- [Task details] Every line of the data should be written out exactly, with the pictures left out.
───
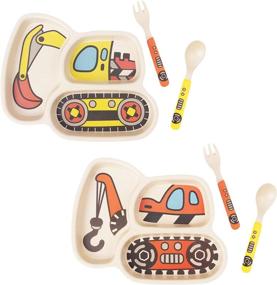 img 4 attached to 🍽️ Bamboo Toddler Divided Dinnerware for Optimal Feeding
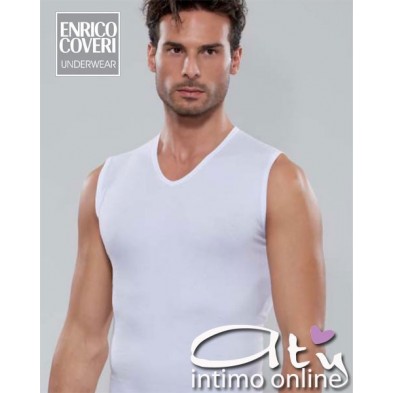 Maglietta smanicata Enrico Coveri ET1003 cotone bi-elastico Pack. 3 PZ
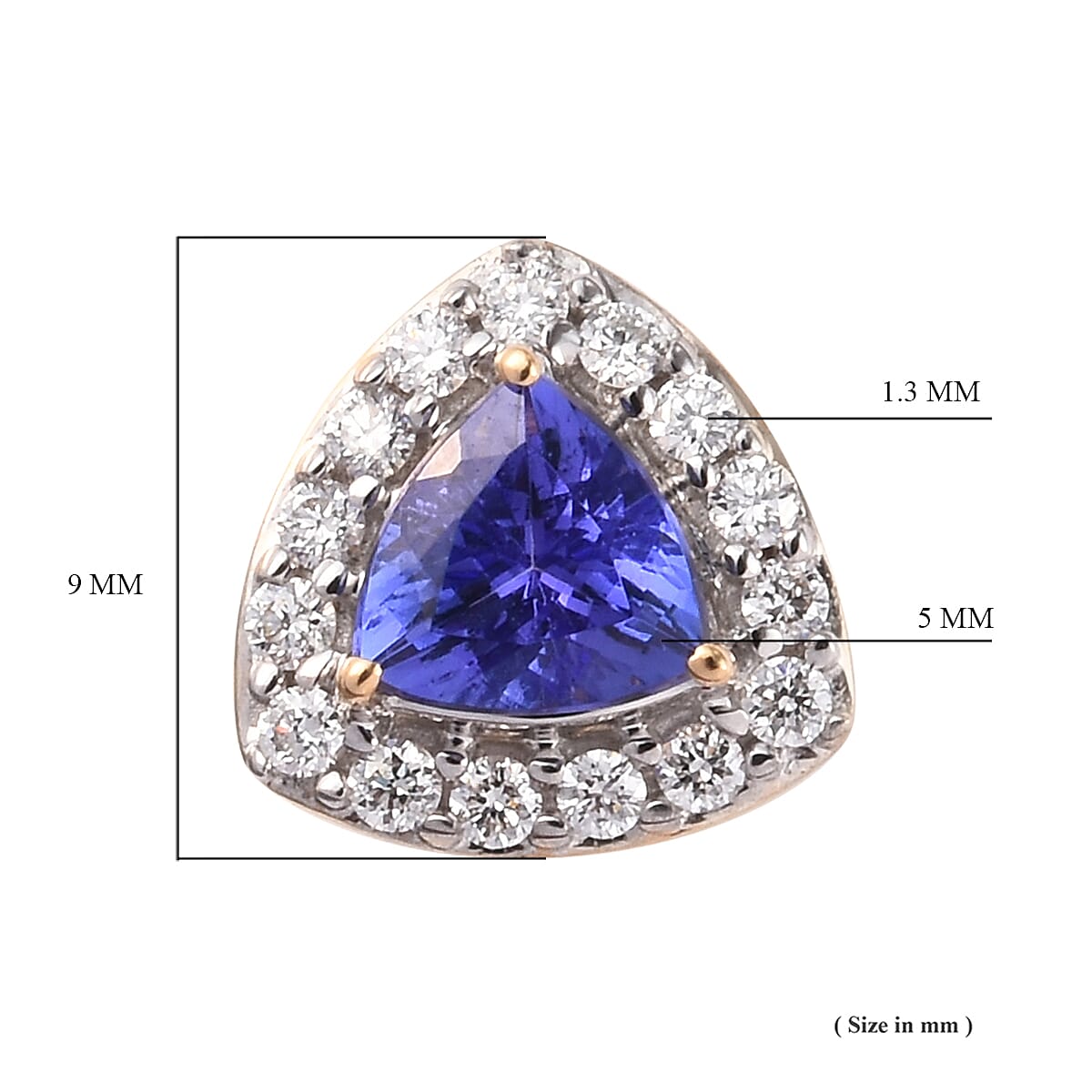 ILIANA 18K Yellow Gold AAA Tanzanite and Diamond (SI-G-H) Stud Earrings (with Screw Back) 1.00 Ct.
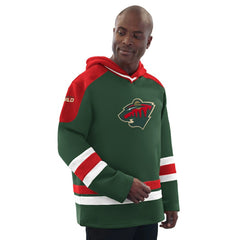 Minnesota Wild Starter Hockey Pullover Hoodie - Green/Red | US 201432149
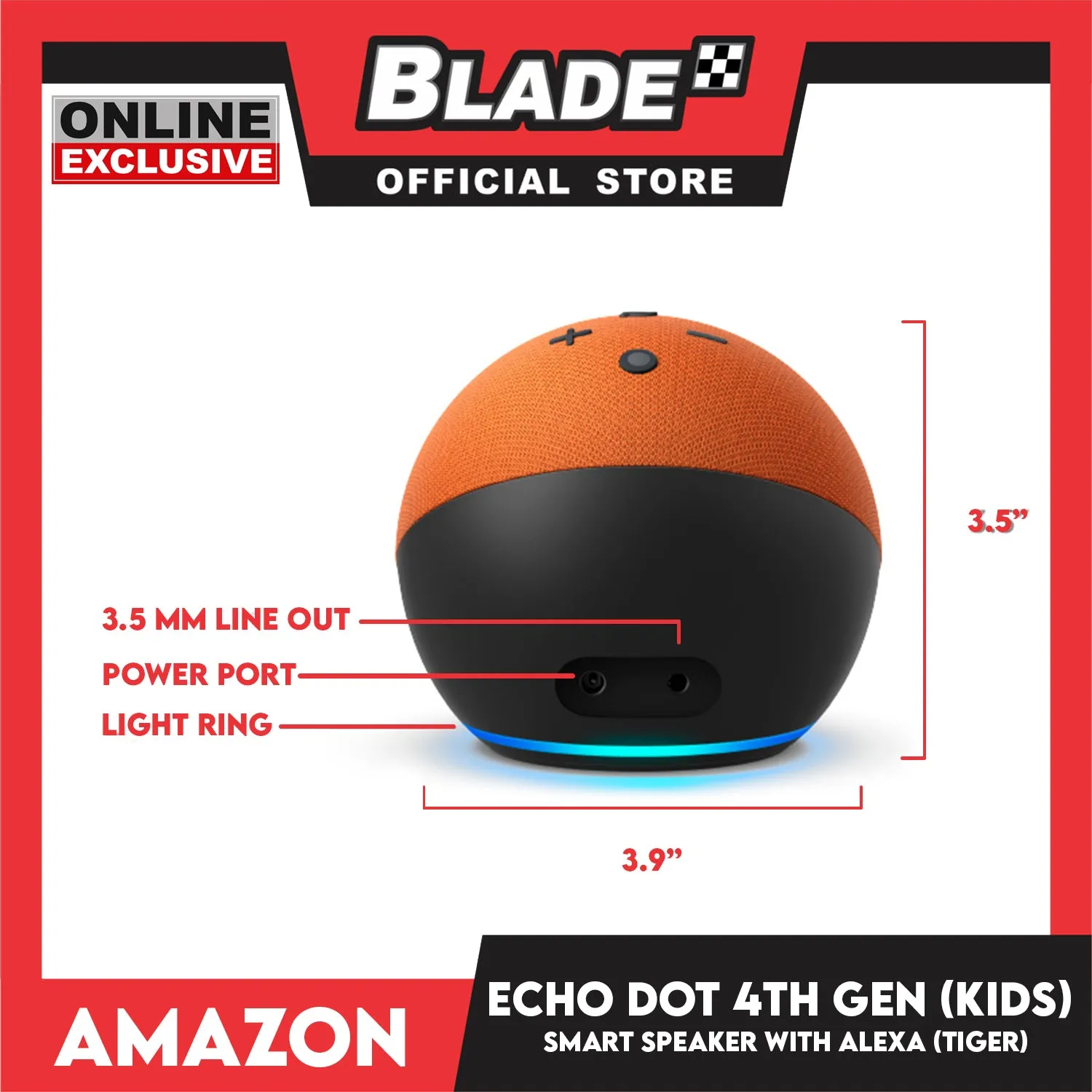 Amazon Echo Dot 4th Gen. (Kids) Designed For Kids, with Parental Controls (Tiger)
───
- [Output of the task]
 img 4 attached to 🍽️ Bamboo Toddler Divided Dinnerware for Optimal Feeding
 Maglietta smanicata Enrico Coveri ET1003 cotone bi-elastico Pack. 3 PZ
 ILIANA 18K Yellow Gold AAA Tanzanite and Diamond (SI-G-H) Stud Earrings (with Screw Back) 1.00 Ct.
 Minnesota Wild Starter Hockey Pullover Hoodie - Green/Red | US 201432149
 Amazon Echo Dot 4th Gen. (Kids) Designed For Kids, with Parental Controls (Tiger)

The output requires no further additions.